We will conduct our power calculations for a sample size at 17 for each intervention group (following the two-sample t-test sample size calculation).


set.seed(123)
interaction_effect <- c(5*seq(0.1,3,by=0.1))

#initializing vector of simulated powers for interaction;
prop_sig_interaction <- rep(NA, length(interaction_effect))

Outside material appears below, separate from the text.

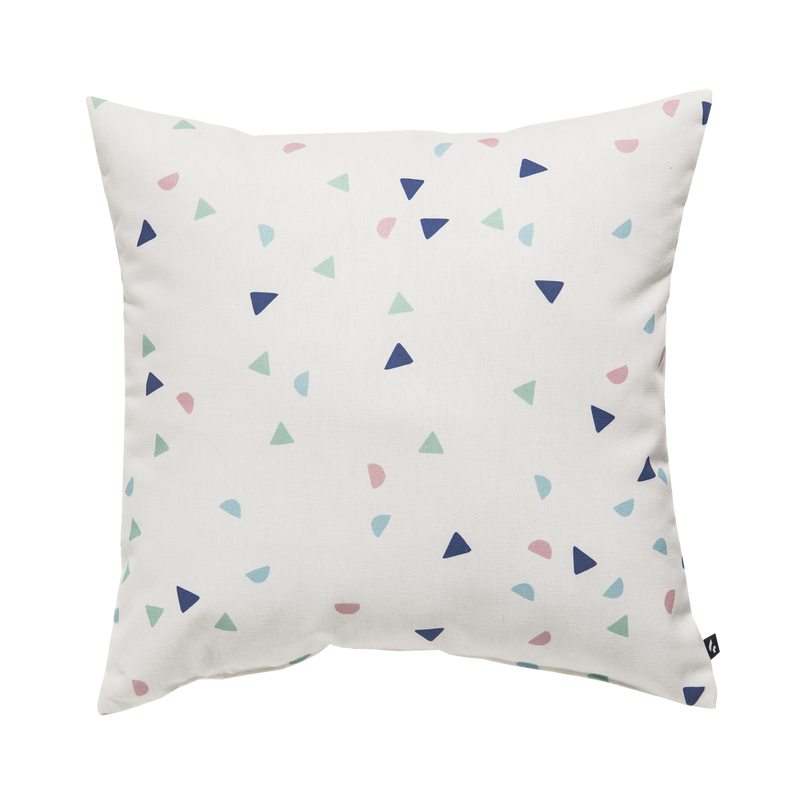 Coussin CONFETTIS coloris multicolore 45 x 45 cm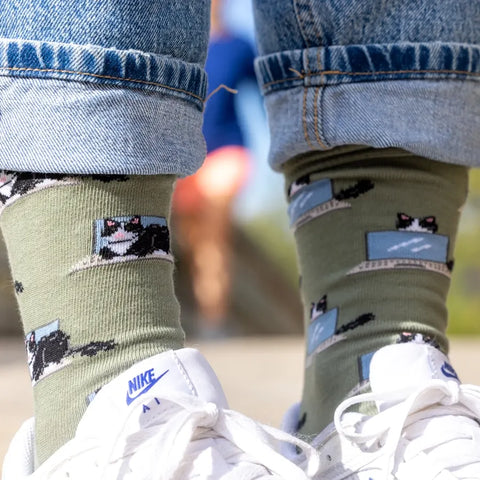 Women's Lap(top) Cat Socks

for (i in 1:length(interaction_effect)){

  beta_interaction <- interaction_effect[i]
  
  pwr_res <- pwr_normdat(DAS0_m = 25,
                         DAS_sd = 5, 
                         beta_1 = 1, 
                         beta_trt = 5, 
                         beta_age = 0,
                         beta_sex = 0,
                         beta_interaction= beta_interaction, 
                         N=17,
                         reps=1000,
                         alpha=.05)

  prop_sig_interaction[i]<- pwr_res$simpower[5]
}

power_data1<-data.frame(size_interaction_prop = seq(0.1,3,by=0.1),
                       size_interaction = 5*seq(0.1,3,by=0.1),
                       sig_interaction = prop_sig_interaction)
knitr::kable(power_data1, 
             digits = 1,
             align='ccc',
             col.names = c("Interaction effect <br/> proportional to treatment effect","Interaction effect","Simulated power"),
             row.names = FALSE,
             escape = FALSE)
Interaction effect
proportional to treatment effect
Interaction effect Simulated power
0.1 0.5 4.4
0.2 1.0 6.2
0.3 1.5 6.1
0.4 2.0 8.6
0.5 2.5 9.8
0.6 3.0 11.8
0.7 3.5 14.5
0.8 4.0 19.4
0.9 4.5 22.8
1.0 5.0 26.3
1.1 5.5 30.1
1.2 6.0 34.7
1.3 6.5 41.9
1.4 7.0 44.8
1.5 7.5 51.7
1.6 8.0 55.4
1.7 8.5 60.9
1.8 9.0 64.8
1.9 9.5 69.4
2.0 10.0 75.5
2.1 10.5 79.1
2.2 11.0 83.8
2.3 11.5 85.6
2.4 12.0 88.3
2.5 12.5 90.7
2.6 13.0 93.2
2.7 13.5 94.9
2.8 14.0 95.4
2.9 14.5 96.6
3.0 15.0 97.2
ggplot(power_data1, aes(size_interaction_prop, sig_interaction)) +
  geom_line()+
  geom_point()+
  scale_x_continuous(breaks = seq(0,3,by=0.1))+
  scale_y_continuous(breaks = seq(0,100,by=5))+
  geom_hline(yintercept = 80, color="red", linetype="dashed")+
  geom_vline(xintercept = 2.12, color="red", linetype="dashed")+
  labs(x="size of interaction effect relative to overall treatment effect",
       y="% of significant interaction at 5% significance level",
       title = "1000 simulated linear regression model with gender and intervention interaction \n Total sample size = 17 x 2 = 34 \n Overall intervention effect at 5 points on DAS")+
  theme_bw()

Power Curve for interaction effect with 17 study subjects per intervention group

Conclusion from the simulation-based power calculation

  • For a total sample size of 34 (17 in each treatment group), we can successfully detect a treatment-sex interaction effect that is about 2 times the overall treatment effect at 5*2 = 10 points changes on the 3-month DAS with 80% power (Figure above).

  • Therefore, we do not have enough power at 34 patients to detect any true interaction effect that is less than 10 units change on the outcome.